I will be shooting RAW. 

So I guess using AWB and then choosing the white balance square with the ColorChecker would be the way to go. Then I can sync the rest of the photos...have I got it right? 

I was not aware that setting  custom white balance would not affect the RAW image.


----------



## Cerianthus (Mar 15, 2017)

As golf is mostly outside taking up space where nature used to be, light will change with time, weather(think of passing clouds)  direction of shooting etc. So unless you have that much with lots of light control each shot, I would say just white balance on a grey bit of rock. 


Verzonden vanaf mijn iPhone met Tapatalk


----------



## Linwood Ferguson (Mar 15, 2017)

Be aware the area you circled are different temperatures, some warmer, some cooler.

I shoot sports a lot, and I find trying to use a fixed white balance (whether by a custom temperature in the camera or copying and pasting a fixed white balance later) is pointless.  Even in pretty uniform lighting, like cloudless sun, the shadows on athlete's faces (or not), reflections off of bright uniforms, how close they are to the grass, the angle of the sun on grass relative to me... it varies a LOT.  The automatic white balance in the camera, even when it is not all that good, tends to be better than just one fixed WB for a whole shoot.

Now if I were doing something like awards at a podium, where I was in one place, they were in the same light, I'd love to get a grey card shot before it, and I would blow that WB into all of them to be uniform.

But that's so rarely the case.

What I do recommend is to get a grey card shot against any really common colors you will have in your actual shots, for example (not applicable to golf) team uniforms, or signage that is everywhere on the field.  What this lets you do is see the "right" color for (say) a uniform jersey with the grey card, and put that image up on the screen beside another image with the same jersey color, and you can adjust by eye if in doubt.

But fundamentally if shooting raw, turning on fixed white balance takes away useful information -- the cameras' measurement.  There's no advantage to the fixed white balance as you can always blow it in after the fact (with raw).  With AWB if it works, great; if not blow in your own.

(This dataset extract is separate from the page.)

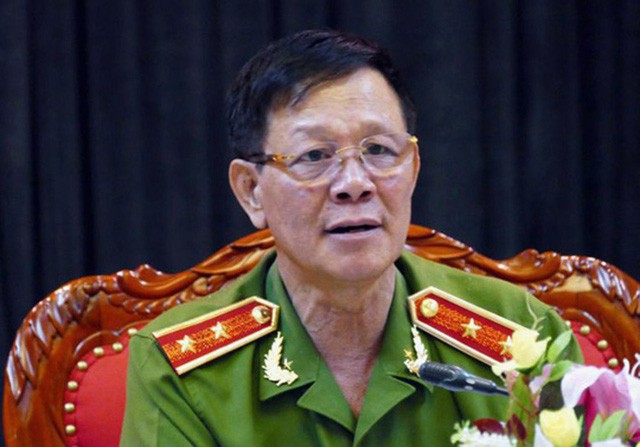 Cựu Trung tướng Phan Văn Vĩnh bị khởi tố trong vụ đường dây đánh bạc - Hình 1
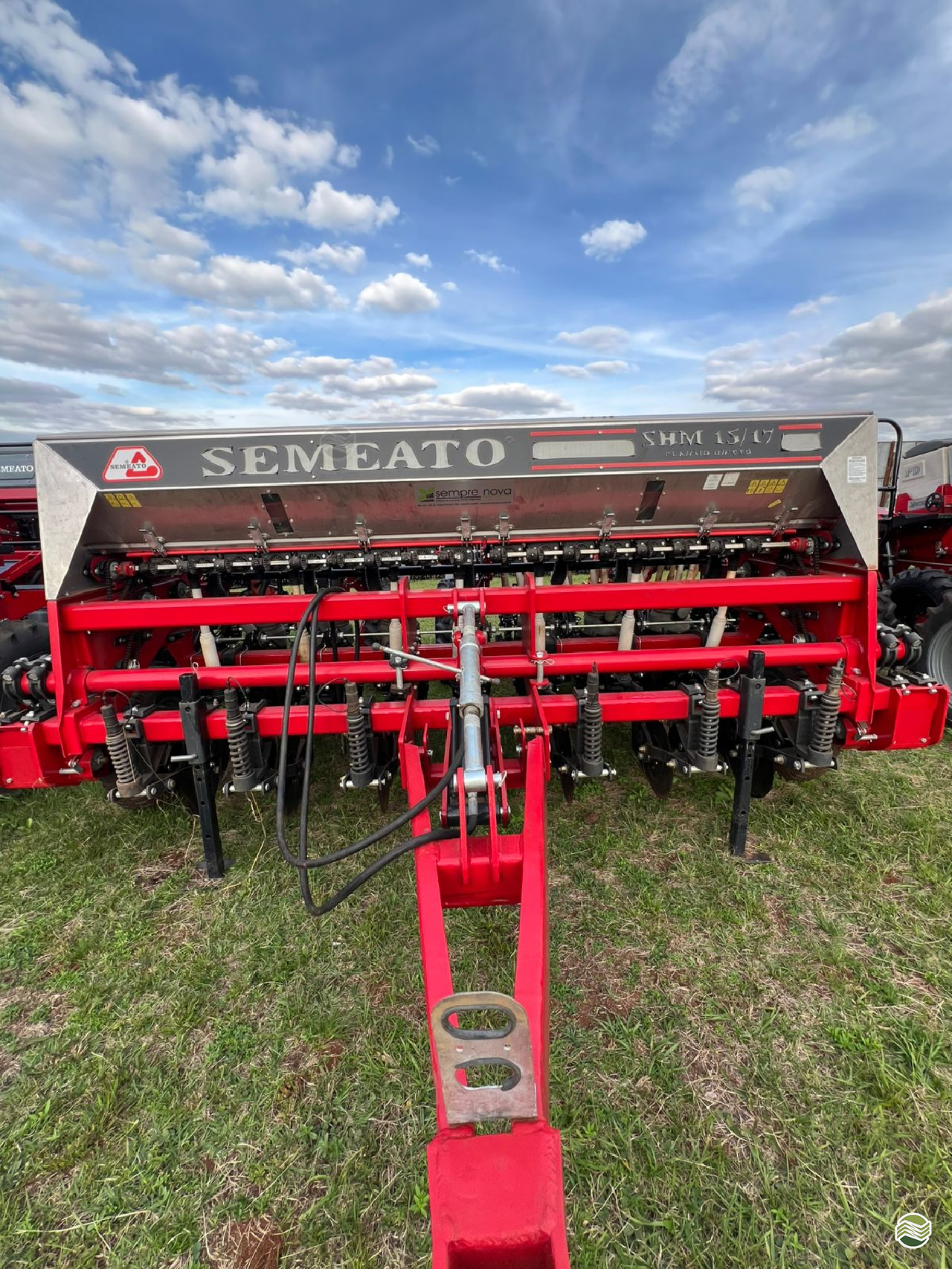 SHM 15/17 de Sempre Nova Máquinas e Implementos Agrícolas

And if shooting JPG... well, ask someone else.


----------



## Gnits (Mar 15, 2017)

Zanthe said:


> I was not aware that setting custom white balance would not affect the RAW image.



That is one of the big advantages of shooting raw.  It is also great to have a shot at a grey card (or equivalent), so you are comfortable and confident of setting the white balance later in post.


----------



## Linwood Ferguson (Mar 15, 2017)

Gnits said:


> That is one of the big advantages of shooting raw.  It is also great to have a shot at a grey card (or equivalent), so you are comfortable and confident of setting the white balance later in post.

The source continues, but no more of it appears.